Post Mortem: Database Server Out of Memory

Summary

Our primary database ran out of memory, causing it to become completely unresponsive. Because all of our core services depend on this database, this led to a full outage for our API, web app, inbound email, and outbound email delivery. The incident downtime lasted approximately 30 minutes and was resolved by upgrading the database server.

Timeline (Wednesday April 8, 2026, all times US Eastern / EDT)

12:48 PM — [Service Degradation Begins][First Alert Fired] Monitoring detects timeouts on our API from multiple regions
12:55 PM — [First Human Detection] Matthew sees an unusual sentry error saying the database cannot create new threads. Begins investigating. Finds that load is high, memory is high, and the database is unreachable via SSH.
12:59 PM — [Second Responder Signs On] Yosif acknowledges the alert
1:02 PM — [Customers Alerted] Matthew creates status page incident: "We are having issues with our primary database, affecting all services."
1:04 PM — [Root Cause Identified] Matthew determines the server needs more memory. A restart would likely hit the same issue again, begins upgrading the server
1:10 PM — [Mitigation #1 Applied] Server is stopped, upgraded, and restarted. Database comes back online
1:18 PM — Status page updated: "We've upgraded our primary database, and are seeing services recover."
1:27 PM — Status page updated: "Mail delivery has recovered. We are still investigating app/api."
1:32 PM — [Recovery Complete] All services confirmed recovered. Status page resolved

Second Incident (same day)

Later that evening, a problematic database query during our recovery process caused a brief recurrence of service degradation.

5:37 PM — [Downtime Detected] Services begin degrading again. Matthew begins investigating and posts a status page update.
5:50 PM — [Mitigation #2 Applied] Matthew identifies and kills a bad query on the primary database. Services begin recovering
5:55 PM — Status page updated: "Mail delivery has recovered. API servers are still degrading and we're investigating"
5:58 PM — [Full Recovery] API and app have recovered. Status page resolved

What Went Wrong

The database was overutilized and ran out of memory during a spike in incoming mail traffic.

The increased utilization was a result of us earlier this week increasing our max throughput for delivering mail, and us not scaling up the database appropriately in response.
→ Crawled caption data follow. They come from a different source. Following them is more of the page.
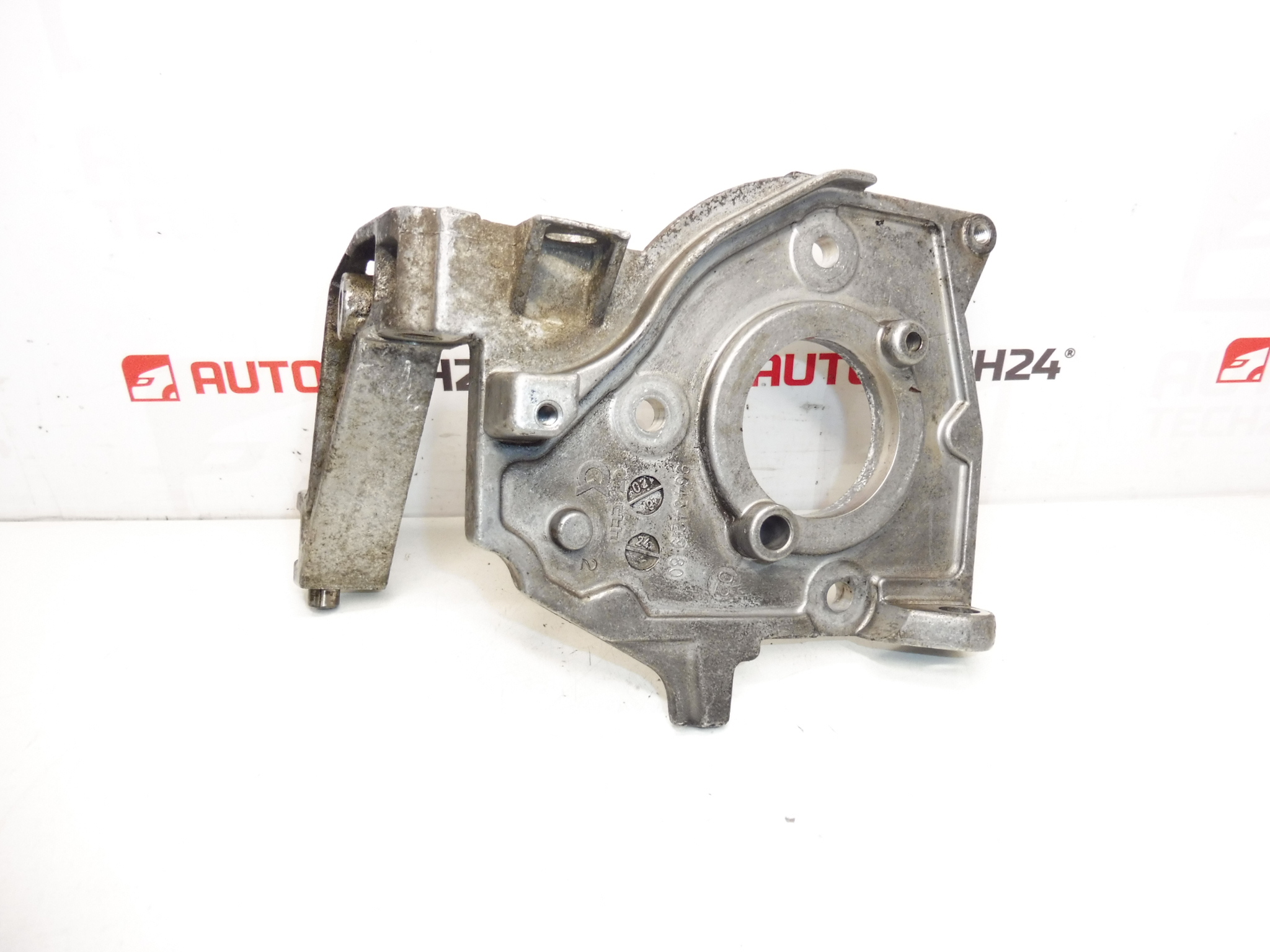 Uchwyt pompy wtryskowej 1.4 HDI 16V 8HY 9643421980 192654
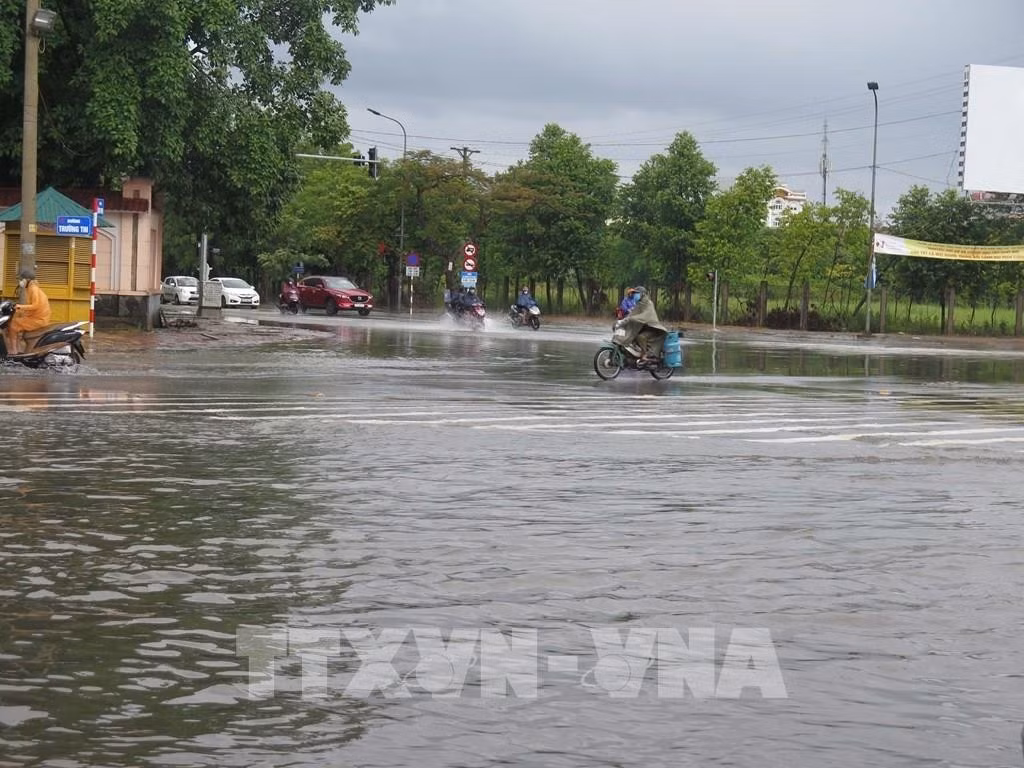 Một số tuyến đường ở Nghệ An bị ngập cục bộ sau mưa lớn. Ảnh tư liệu: Văn Nhật/TTXVN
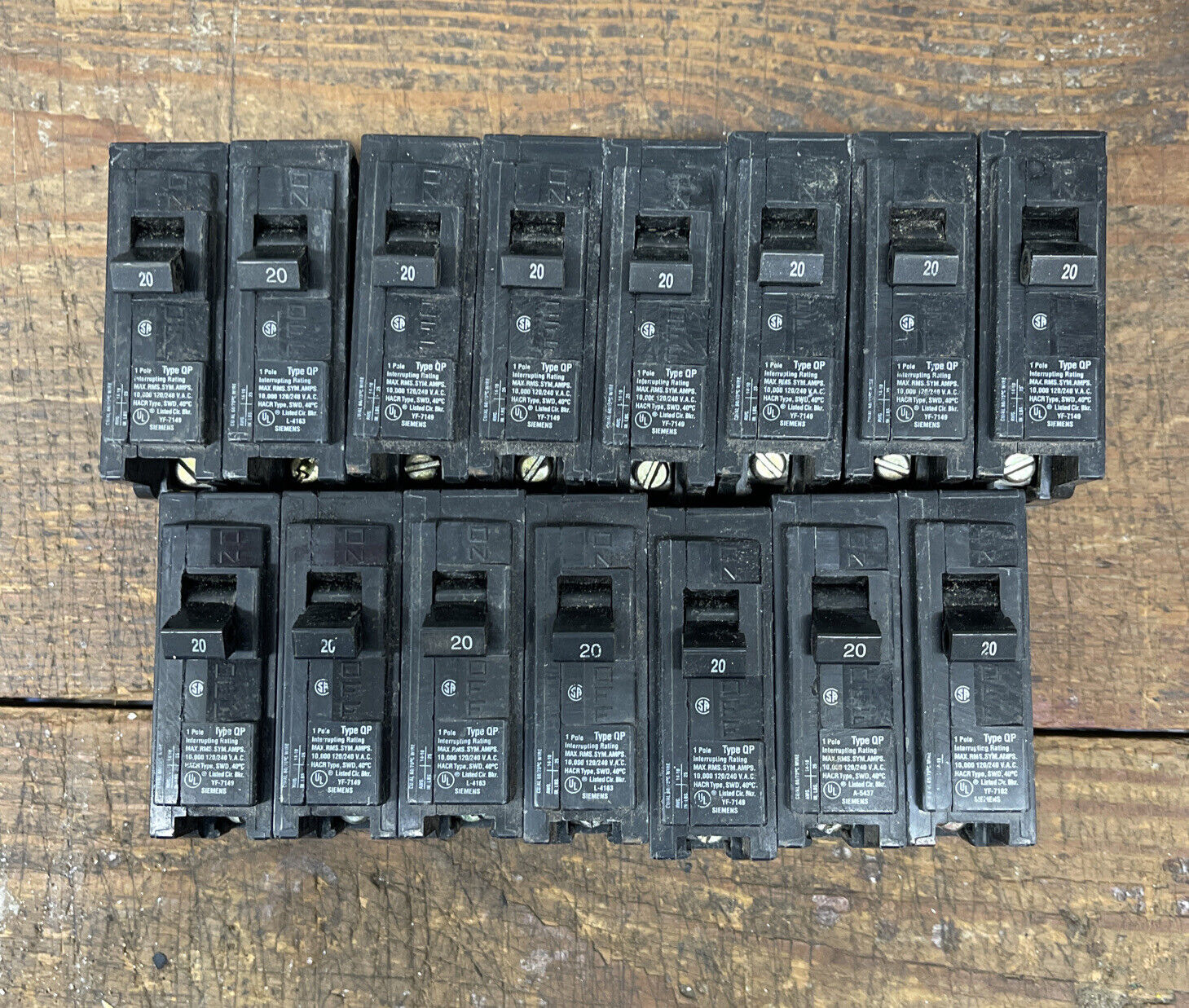 LOT OF 15 - SIEMENS ITE GOULD Q120 1 Pole 20 Amp 120/240 Circuit Breakers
We did not have good alerting on overall memory usage on the server, which could have alerted us to the issue before it resulted in downtime.

Followup Actions

In the 24h following the incident, we made significant infrastructure improvements:

Upgrade all database servers with double CPU/memory, higher storage capacity, faster I/O, and increased throughput
Improve our database backup process to produce consistent, replication-ready backups every hour
Create comprehensive runbooks for database recovery so we can restore service faster if a similar issue occurs
Reduce unnecessary database write load by removing redundant data collection
Drop unecessary database tables improving our recovery speed in event of database restoration from backup.
Tune database memory settings to maintain a safe margin, preventing future out-of-memory conditions
Add alerting on high memory usage on databases.

Statement

We sincerely apologize for the outage and the impact it had on your email forwarding. We have taken this incident as an opportunity to harden all the tooling and performance tuning around our core database, and this should result in significantly improved reliability going forward.